Column by Don Glynn — There’s a new breed of sidewalk superintendents in downtown Niagara Falls.
Unlike the typical work site — watching hardhats skillfully putting steel beams in place — all eyes Saturday were glued to tightrope artist Nick Wallenda strolling on a 2-inch cable linked to two giant construction cranes.
Most of the several hundred spectators watched almost in reverent silence as he gingerly took one step at a time. The comments ranged from “Oh, my God! I’ve never seen anything like this!” to “This is going to be great. It’s what Niagara Falls needs.”
One smart aleck kid shouted, “Don’t die!”
The stage was set for Wallenda to begin training for his 1,800-foot walk June 15 across the Niagara Gorge, in front of the Horseshoe Falls, between Terrapiin Point on Goat Island and Table Rock House on the Ontario side of the 175-foot waterfall.
While the mid-June event, complete with international media coverage, is estimated to draw 125,000 spectators (a Kentucky Derby crowd) to the falls that day, upwards of 300 million other people may view it on television.
For the next couple of weeks, the city’s South End tourist district will undoubtedly have a steady influx of visitors hoping to see Wallenda practice. The schedule calls for him to perform daily, from 10:30 a.m. to noon and 3:30 to 5 p.m.
There are numerous vantage points around the plaza in front of the Seneca Niagara Casino. The starting point is from a vacant lot south of the plaza, the former site of a Holiday Inn.
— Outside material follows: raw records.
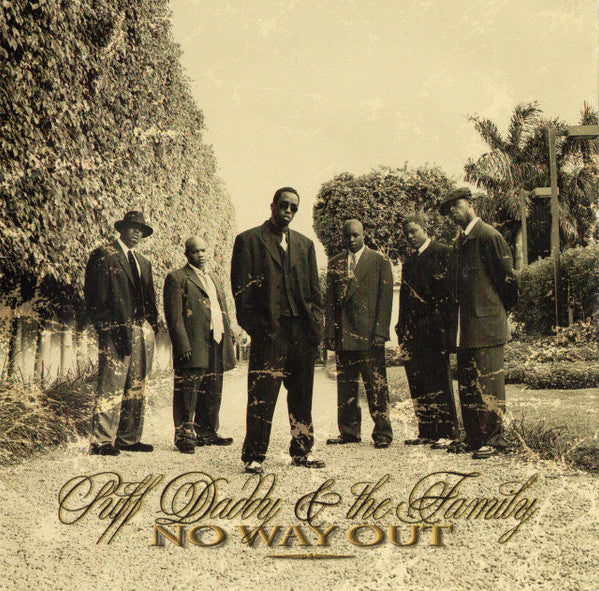 Puff Daddy & The Family : No Way Out (CD, Album)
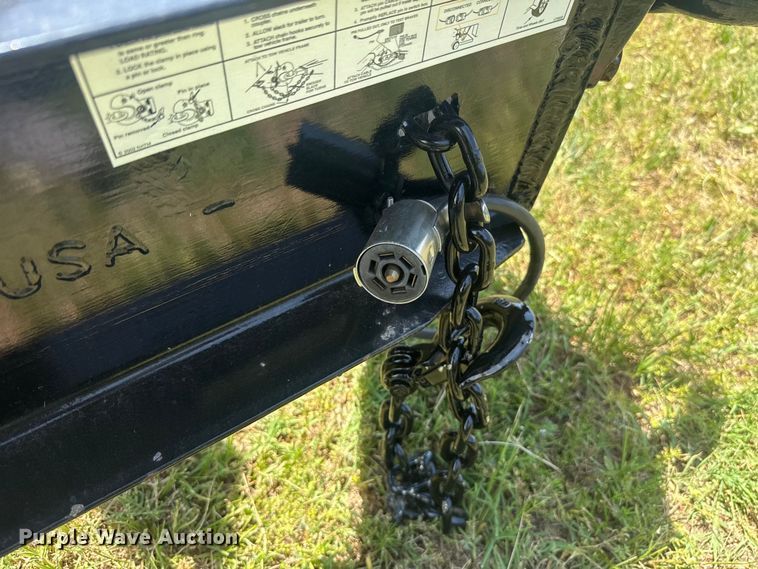 image for item ET6178 2025 Belshe WB16MAX equipment trailer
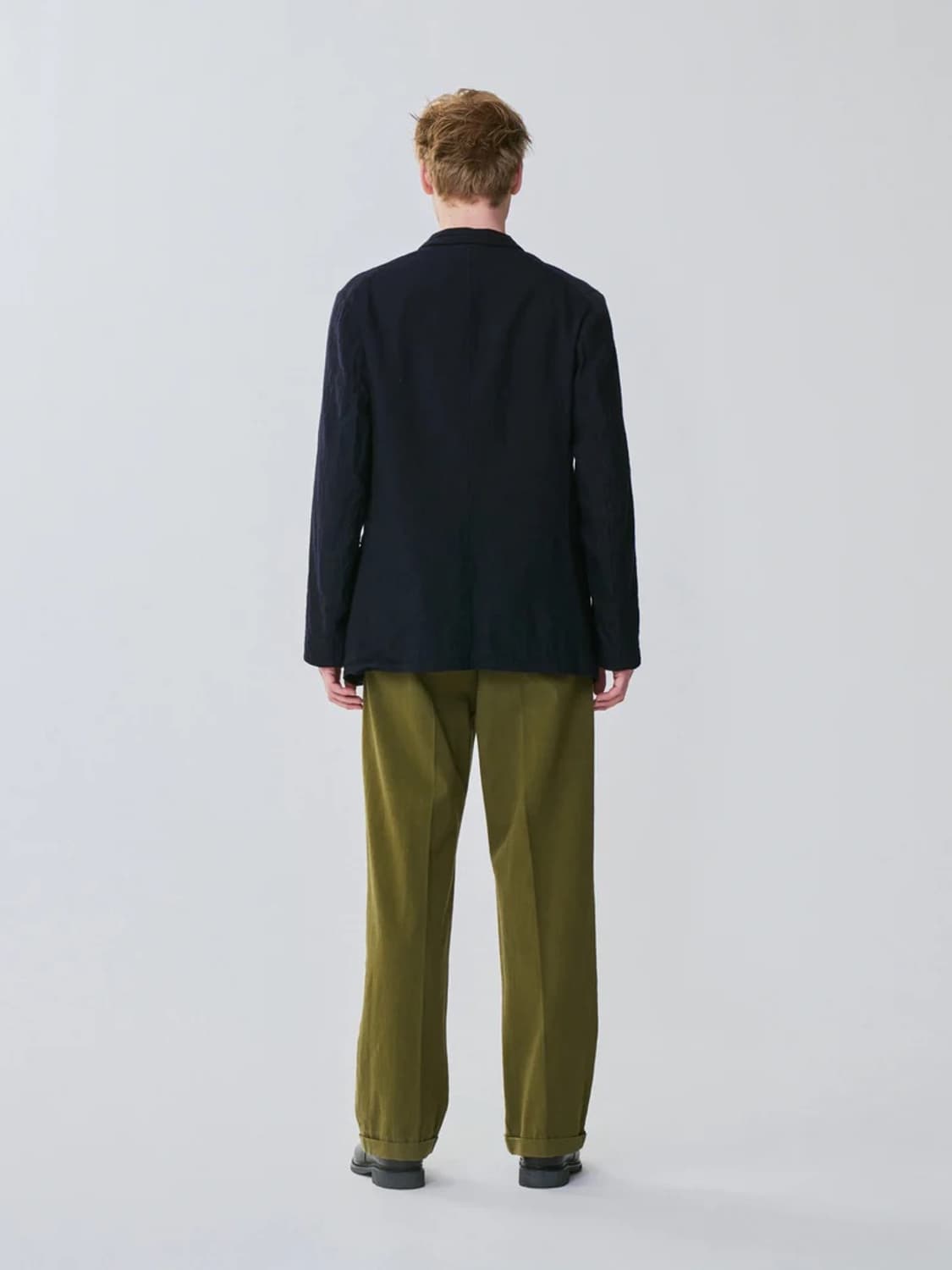 캡틴선샤인 울 리넨 블레이저 자켓 상품이미지6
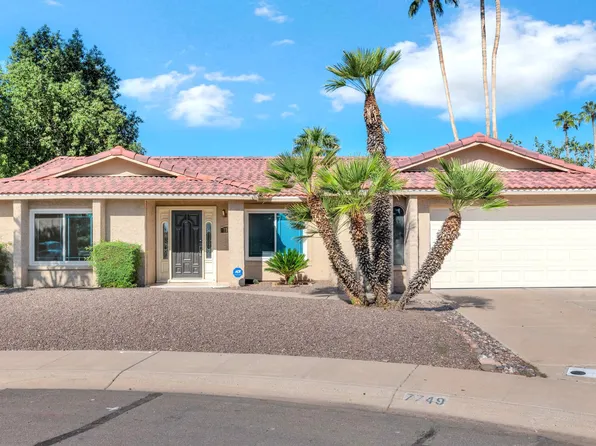 7749 E VIA DE BELLEZA --, Scottsdale, AZ 85258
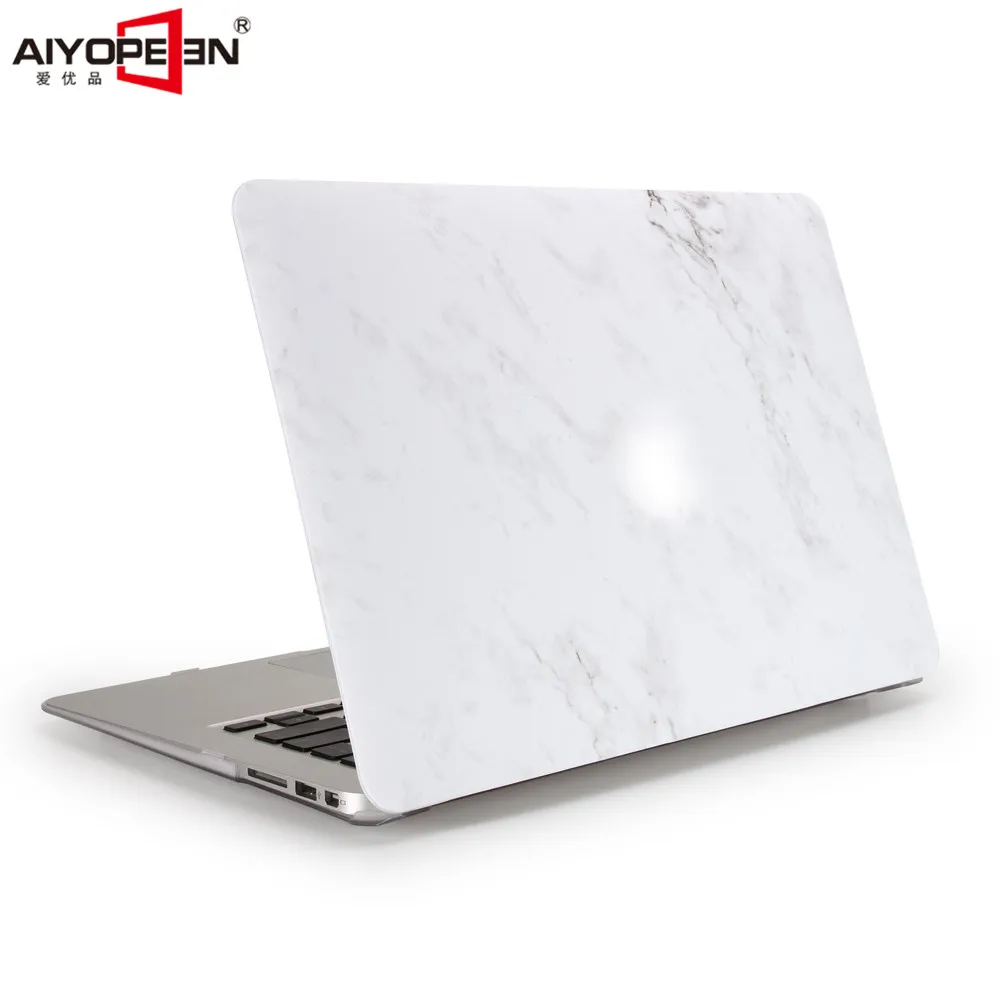 

for macbook air 13 case,aiyopeen print cover for apple macbook air 13 rainbow gradient/uv print+translucent keyboard protector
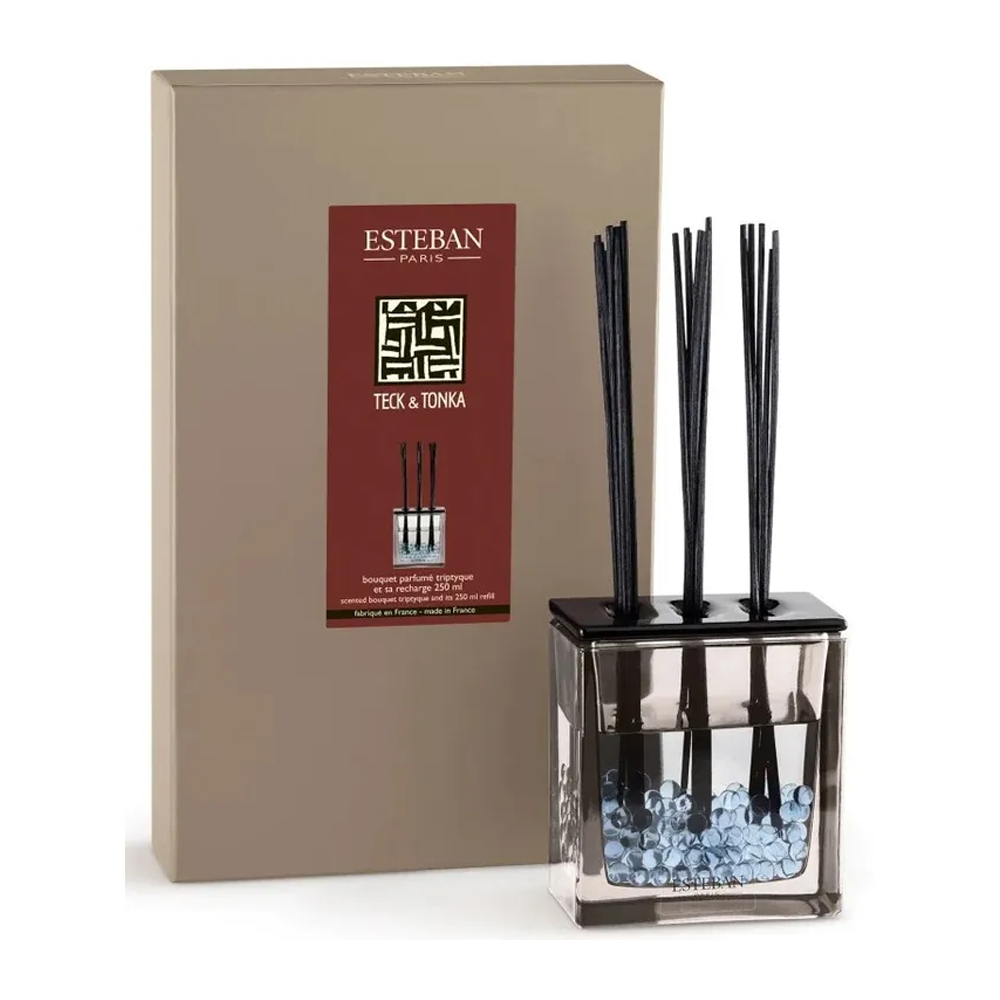 26182512_1748352684_a34a5ab689ddacfddb7e213a507b9178 استيبان باريس تيك اند تونكا بوكيه الأعواد الثلاثية المعطرة قابلة لإعادة التعبئة - 250 مل - الصورة 1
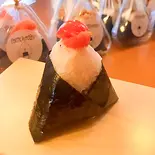 自家製明太卵黄おむすび（おむすび横丁西新店）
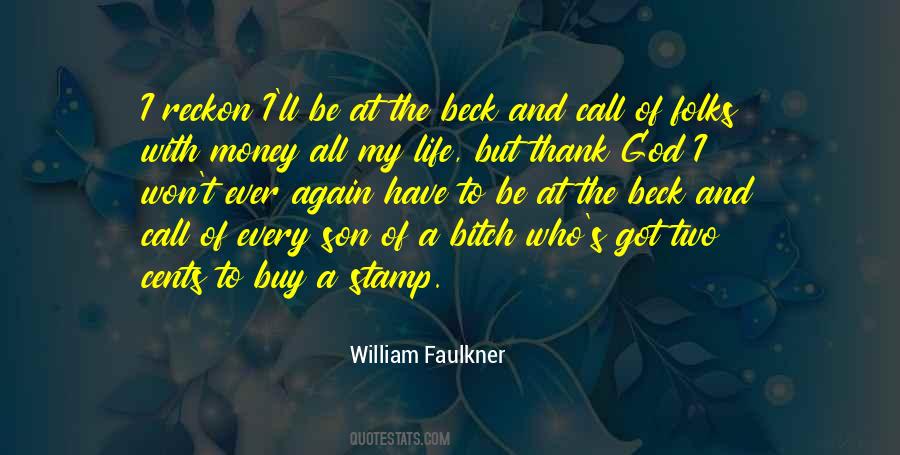 Quotes About William Faulkner #99914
The slightly uphill route ends at the north end of the plaza, near Wendel Way and the Seneca Niagara Office Building.
Obviously small business people should expect to benefit from the influx as well. They include Mark and Michael DiFranesco, co-owners of The Daredevil Museum, Rainbow Boulevard, and Michael Murphy, who operates Murphy’s Cafe, Third Street. They’re ideally positioned to attract the Wallenda fans.